Olhando para trás, vejo que não me poupei a esforços. Quando terminei os meus estudos na faculdade, consegui um trabalho a tempo inteiro. Chegou a haver uma altura em que, para além do trabalho e dos concertos com a minha primeira banda, ainda tinha aulas de canto e aulas de pós–graduação. Todas as horas dos meus dias eram dedicadas ou ao trabalho que me permitia subsistir ou ao trabalho que sonhava poder abraçar.
Quando finalmente consegui, pensei que poderia ter algum tempo livre para descansar e fazer algumas coisas de que gosto, mas que não tinha tido tempo de aprofundar ou de fazer com regularidade. Cozinhar, fotografar, ler, estar com a família, passear, «domingar»… Estava enganada. Não só não consegui arranjar tempo para descansar, como descobri que, quando se trabalha naquilo que se ama, a vontade de fazermos coisas e de avançarmos é tanta que acabamos por trabalhar ainda mais.
Como costumo dizer, nunca trabalhei tanto na minha vida como trabalho agora, que sou música.
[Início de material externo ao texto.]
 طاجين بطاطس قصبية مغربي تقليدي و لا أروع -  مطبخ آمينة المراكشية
Para além de ser uma profissão criativa, o que por si só significa dedicar horas a fio à criação de algo, implica ainda muitas horas de trabalho técnico, ou seja, de ensaios regulares e de estudo solitário, bem como de pesquisa intensa. Depois, existem aquelas pequenas tarefas que, todas somadas, acabam por encher dias de calendário. Reuniões com a equipa técnica, para pensar e avaliar o conceito do concerto, tanto ao nível do som como ao nível das luzes e da organização de tudo na estrada, reuniões com a equipa de produção/agenciamento, para delinear a marcação de concertos, reuniões com o manager, para ir estabelecendo objectivos e traçando o caminho a seguir, reuniões com a editora e a promoção, para gizar o plano de edição de álbuns. Há ainda outras coisas que, não estando directamente relacionadas com isto de se estar em palco ou de gravar canções, são essenciais no exercício da nossa profissão: dar entrevistas, fazer sessões fotográficas, falar em seminários, palestras, workshops, tertúlias públicas.
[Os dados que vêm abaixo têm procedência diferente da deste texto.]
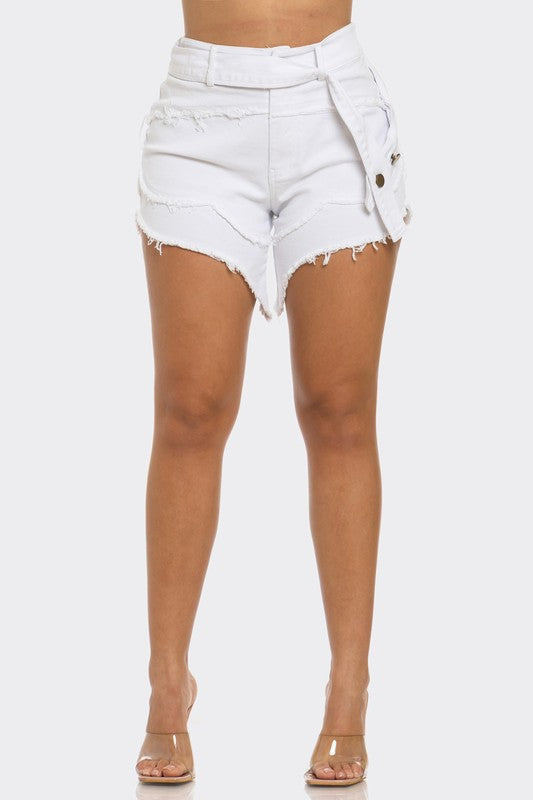 Athina Casual Denim Shorts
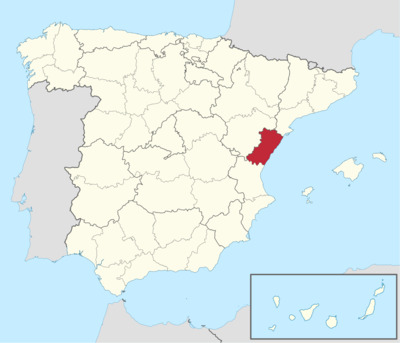 Mapa de Castellón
E assim, sem me aperceber, a semana livre acaba por corresponder a um dia livre, que é aproveitado para matar as saudades da nossa família e amigos, para tratar de assuntos burocráticos, para arranjar qualquer coisa em casa que precisa de arranjo. Só no final de tudo é que posso dedicar algum tempo a mim. O problema é que, mesmo conseguindo chegar aí, a cabeça teima em não desligar. Pensa–se nos assuntos que estão pendentes, nas coisas que andam a fervilhar aqui dentro, ideias, pensamentos, melodias, palavras.
Só neste ano consegui, pela primeira vez, parar. Durante umas poucas semanas, é certo. Mas consegui. E quando me levantei, um dia, e senti como se me tivessem dado uma tareia enorme na véspera, é que percebi o quão cansada estava. Sabe bem parar um pouco, esticar as pernas e recuperar o fôlego. Não tarda é hora de voltar a correr. Com gosto. E já mais descansada.